Можно управлять шагоходом по дублирующим мониторам и приборным панелям — когда-то так и делали. Это умение до сих пор важная часть подготовки пилотов. Но пилот без шлема — как рыцарь без щита с родовым гербом. Неизвестный голодранец. Строго говоря, шлем — единственный аксессуар, который принадлежит пилоту безраздельно. Комбинезон может быть весь обляпан патчами с рекламой. Кроссовки, они сами по себе реклама и есть. А на шлеме — индивидуальная раскраска типа «все, что твоей душеньке угодно». Попадаются истинные произведения искусства. И следят за шлемами так, что они практически не ломаются. Бывает, глючат по мелочи, но уж точно не гаснут внезапно. За одним исключением.
Шлем, погасший в бою, означает плохое, очень плохое. Когда гаснет шлем, это значит, все, игра окончена. Последнее, что ты видишь — дико мигающие индикаторы неминуемого попадания и рои объектов, летящих в тебя. Становится на долю секунды очень страшно. А потом мир гаснет. И все заканчивается, чтобы начаться снова.
Катапультирование — это рождение. Хлопок пиропакетов, отстреливших крышку, разрывает уши. Сильнейший пинок под зад. Стремительный полет кресла вверх, как можно дальше от смерти и разрушения. Яркий свет, ветер в лицо, рев выстрелов и взрывов. И ты кричишь. Повисаешь на лямках. Бьешься ногами. А потом лежишь, скорчившись на земле, стараясь вжаться в нее. Чувствуешь себя голым, будто содрали кожу. Человек — слабейшая часть поля боя. Быть слабым — больно.
И ты продолжаешь кричать.
***
Они забежали в зону уже на пару километров, и Элис начала было недоумевать, когда случилось все сразу: эфир заполнился тошнотворным зудящим гулом, замерцали метки на виртуальном экране, и с верхних этажей зданий хлынул на улицу огненный шквал.

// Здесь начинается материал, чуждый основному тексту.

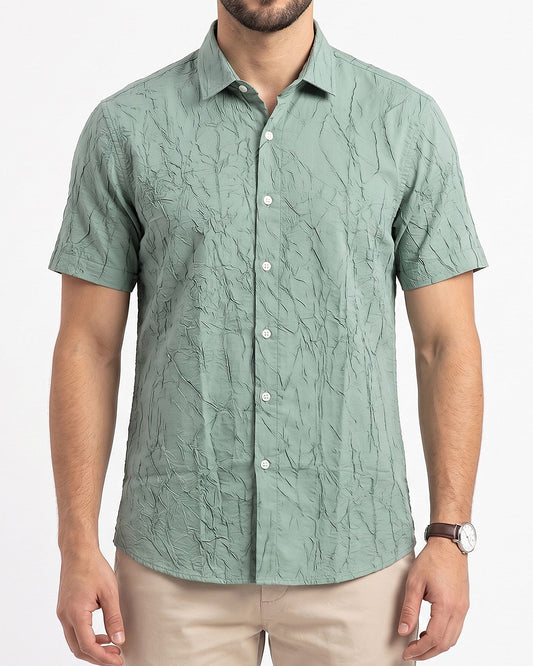 Men's casual short-sleeved printed shirt -Mint
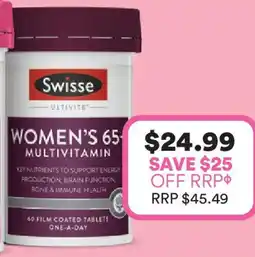 Priceline Swisse ultivite women's 65+ multivitamin offer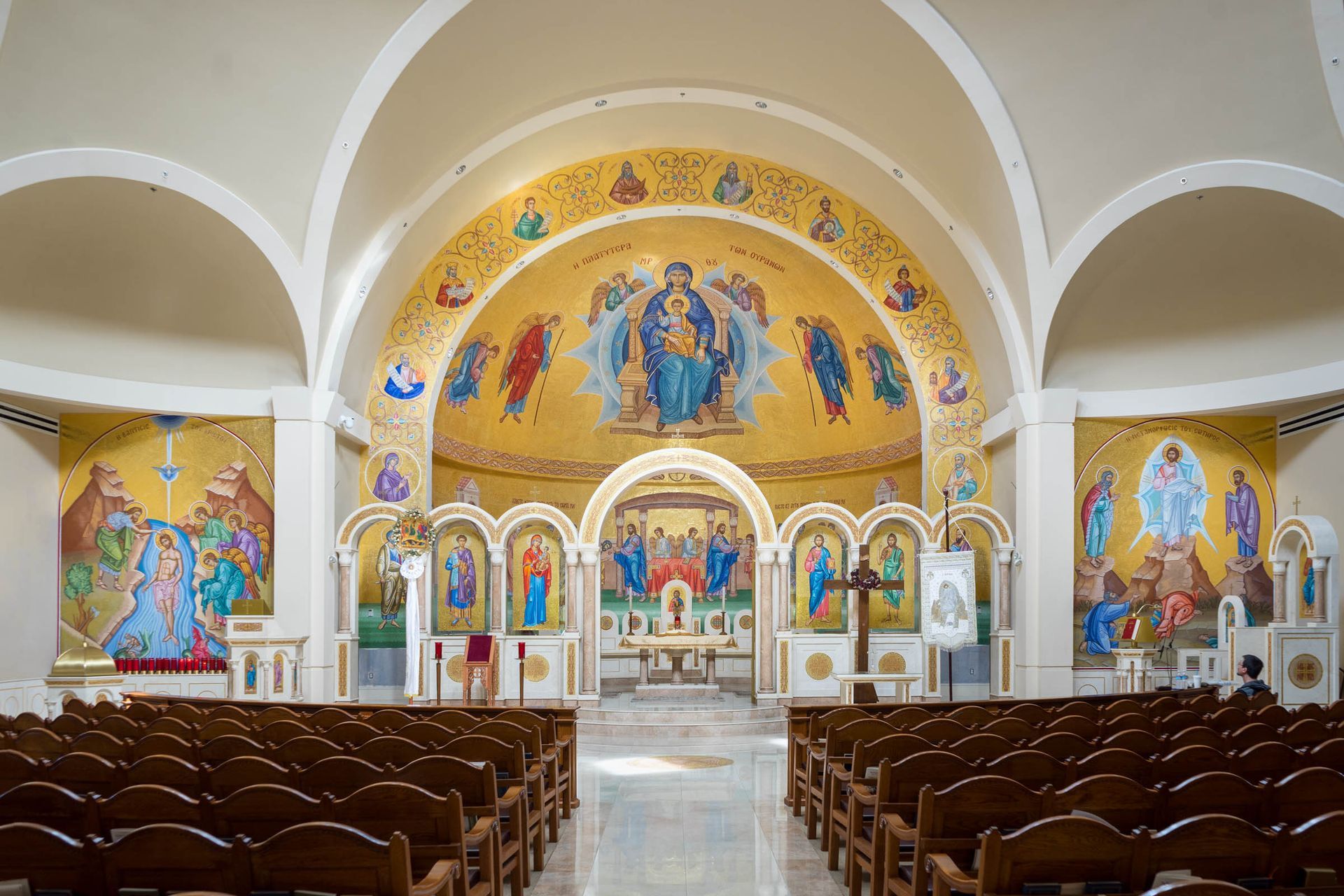 Byzantine apse mosaic at St Demetrios Weston MA with Platytera, Baptism and Transfiguration hand-cut smalti mosaic install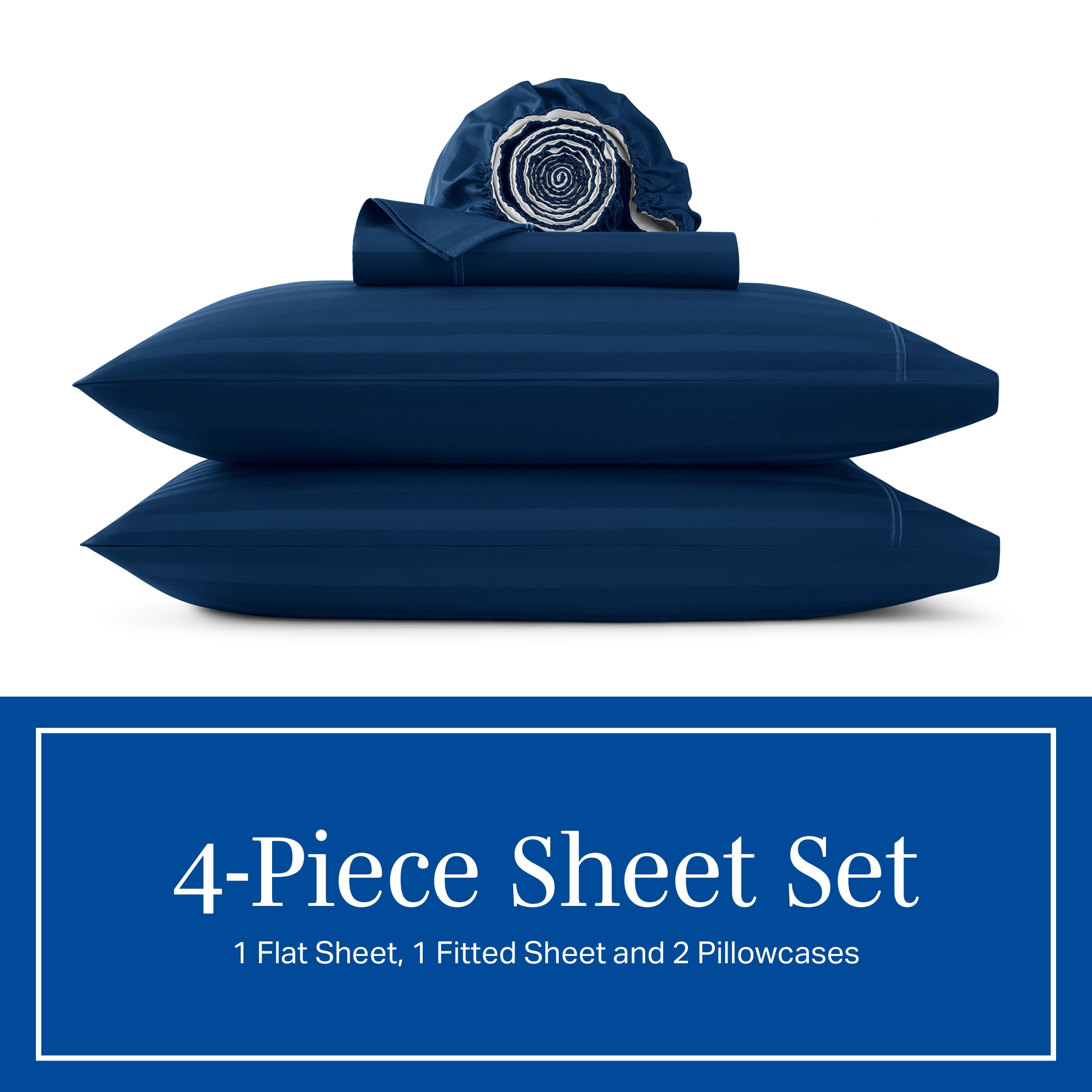 Wamsutta 1846 4-Piece 650 Thread Count Titan Stripe Egyptian Giza Cotton Sateen Bed Sheets, Queen-Deep Pocket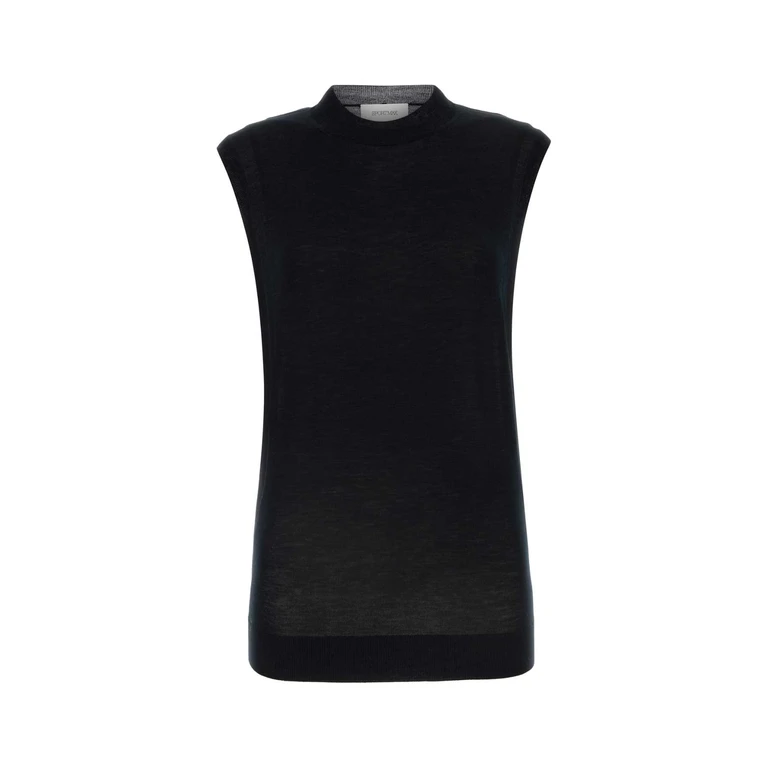 Sportmax Nero Exterior: Wool Silk Maglie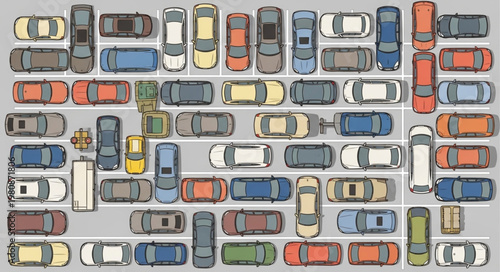 Many Cars Parked In A Lot From Above.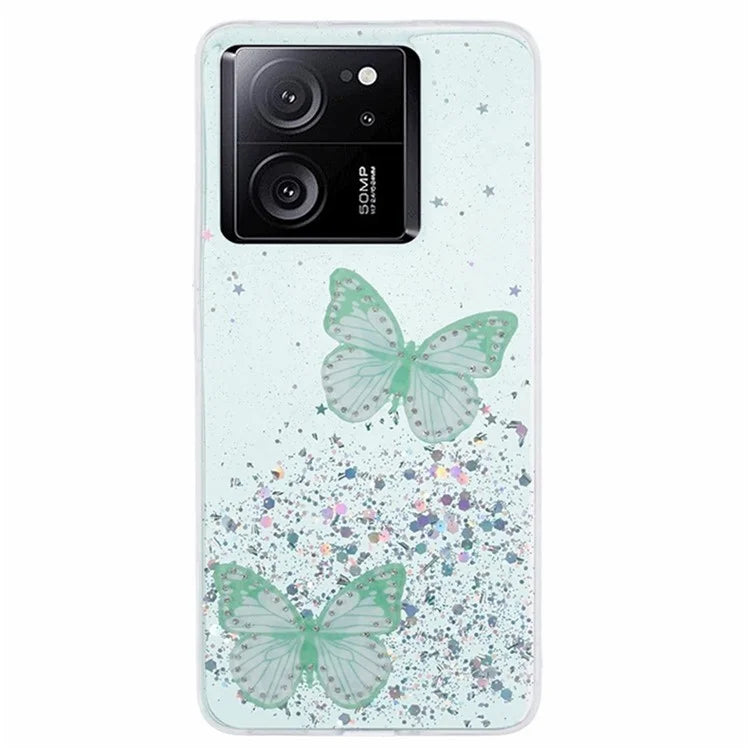 WANLONFENG AW Series for Xiaomi 13T / 13T Pro / Redmi K60 Ultra Case with Screen Film TPU Phone Cover 3D Butterfly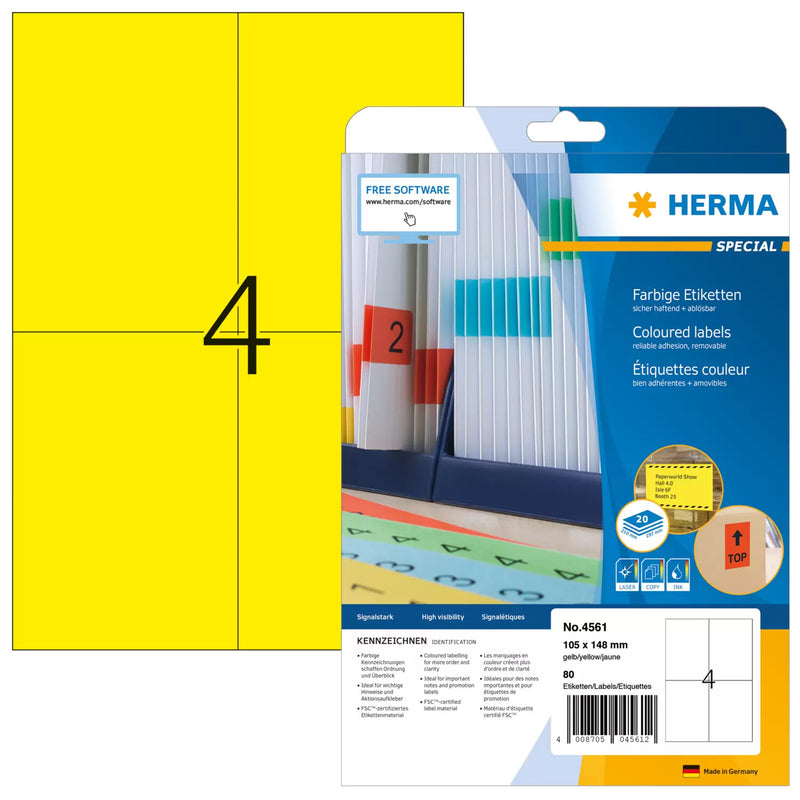 HERMA 4561 selvklæbende etiket Rektandel Gul 80 stk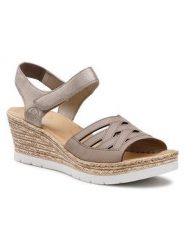 Sandały Rieker. Czarne sandały Rieker, bez wzorów, bez obcasa, na płaskiej podeszwie, bez zapięcia. Za 299.99 zł.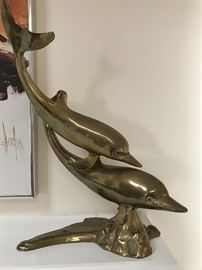 BRASS DOLPHIN STATUE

Как и следовало ожидать, стационарные точки мазали. Но через несколько секунд зона выкинула номер, от которого Элис мигом вспотела: огонь сквозь первые этажи с параллельных улиц. Какая-то сволочь там быстро ехала и метко стреляла, и была сволочь не одна. Пришлось бросать машину из стороны в сторону рваными галсами и резко уходить в первый же переулок направо. Там Элис метко подстрелила джип с пулеметом и только когда перепрыгнула через него, сообразила, что он просто тут стоял, ржавый, черт знает сколько. С перекрестка свернула налево, засекла пушечный дрон, снесла ему набок боевой модуль и рванула вперед. Их здесь было двое — она и ведомый, — положение и судьбу остальных можно отследить только приблизительно, метки расплывались и дрожали; глушилка хренова, кто ее такую сделал, руки ему оторвать; но вроде все целы пока.
Два поворота выводили ее на прежний курс; Элис благополучно выскочила на проспект, и тут система тревожно вякнула: неопределившийся «тяжелый» пуск спереди прямо, вероятно — тактическая ракета. Где ее чертова метка?! Элис увидела впереди двойку Type-X, красиво идущую ходом «длинный синус»; по двойке мазали с чердака торгового центра, вышибая из асфальта фонтанчики...
И тут у нее на глазах двойку сдуло.
Воображаемые синусоиды, по которым неслись машины, пересекались на осевой линии проспекта, и туда, точно между ними, рухнуло что-то страшное. Первый шагоход даже вряд ли зацепило, просто снесло, и он сам размазался по стене; а потом под ногами второго проспект вздыбился и ударил его в лоб.